We also managed to hit few optimizer bugs too, related to casting changes in 5.0. Back in 4.0 it was safe to pass all constants as strings, but 5.0 started making poor solutions then (like filesorting, instead of using existing ref lookup index, etc). I will have to review why this happens, does it make sense, and if not – file a bug. For now, we have some workarounds, and don’t seem to be bitten too much by the behavior.

Anyway, in the end I directed half of this site’s core database off-peak load to this machine, and it was still keeping up with replication at ~8000 queries per second. The odd thing yet is that though 5.0 eats ~30% more CPU, it shows up on profiling as faster-responding box. I guess we’re just doing something wrong.

I’ve published our MySQL branch at launchpad. Do note, release process is somewhat ad-hoc (or non-existing), and engineer doing it is clueless newbie. :)

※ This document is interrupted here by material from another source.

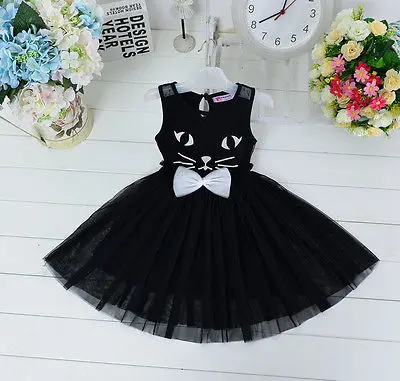 2016 новые повседневные платья для маленьких девочек принцесса детские милый кот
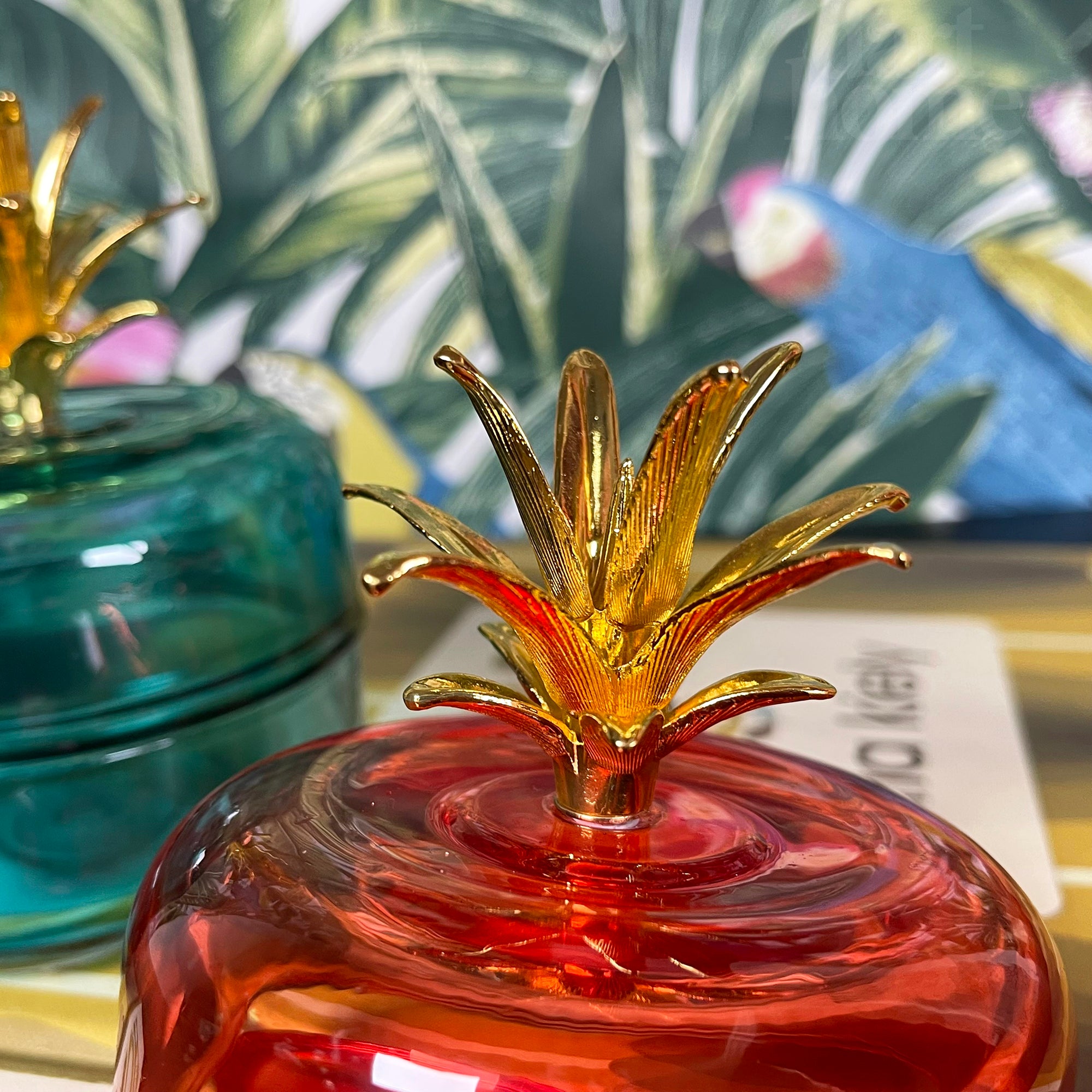 Orange Glass Pineapple Trinket Pot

I had plans to do some more scalability tests today, but apparently the server available is just two-core machine, so there’s nothing much I can do on it. I guess another option is grabbing some 8-core application server and play with it. :)

On checksums

InnoDB maintains two checksums per buffer pool block. Old formula of checksum, and new formula of checksum. Both are read, both are written. I guess this had to be some kind of transition period, but it obviously took too long (or was forgotten). Anyway, disabling checksums code entirely makes single-thread data load 7% faster – though in parallel activity locking contention provides with some extra CPU resources for checksum calculation.

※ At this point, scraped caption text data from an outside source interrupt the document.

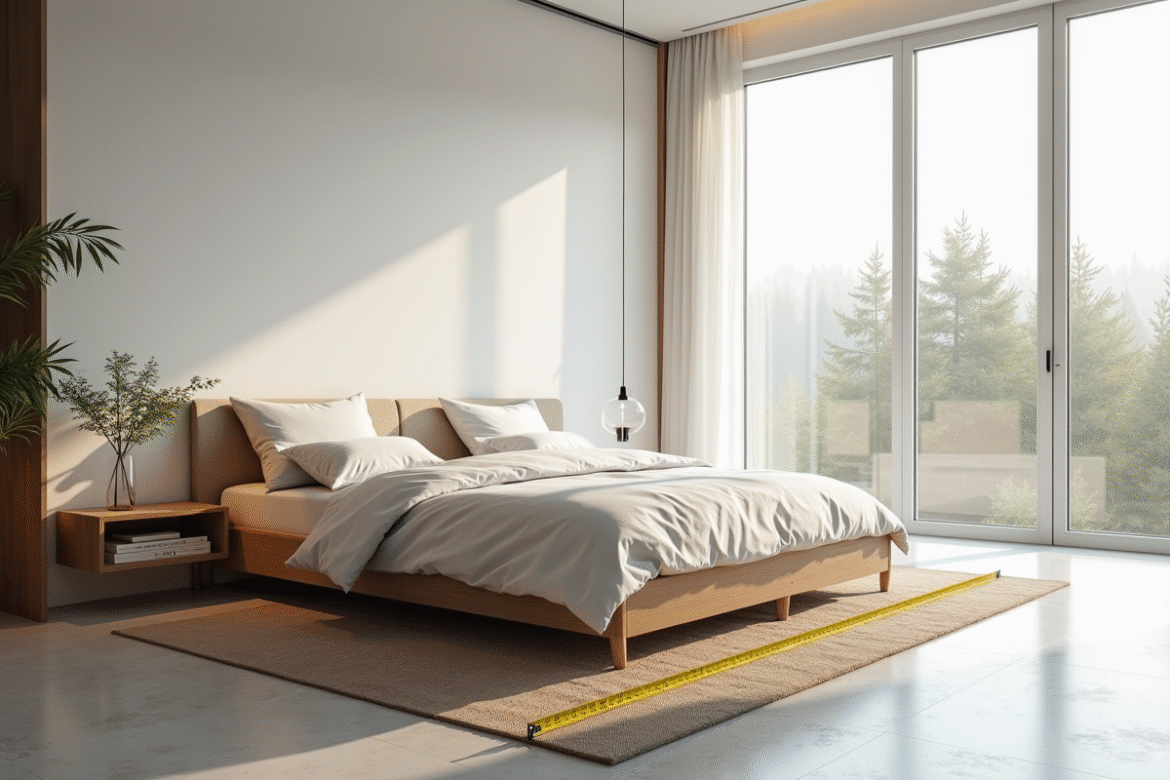 Chambre moderne avec lit queen size et grande fenetre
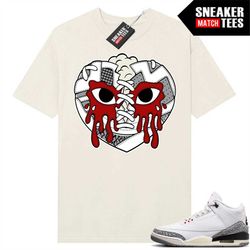 White Cement 3s to match Sneaker Match Tees Sail 'Sneaker Heart'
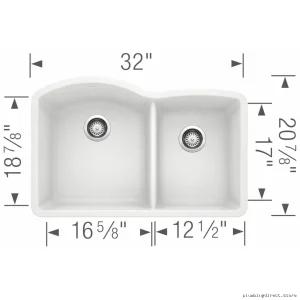 Blanco White Silgranit Undermnt Kitchen Sink with Dual Basin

Leaving just single version of checksum would cut this fat in half, without abandoning the feature entirely – probably worth trying.

Update: Benchmarked InnoDB checksum against Fletcher. Results were interesting (milliseconds for 10000 iterations):

Algorithm: InnoDB Fletcher
826 453
-O2: 316 133
-O3: 42 75

So, though using Fletcher doubles the performance, -O3 optimizes InnoDB checksumming much better. How many folks do run -O3 compiled mysqld?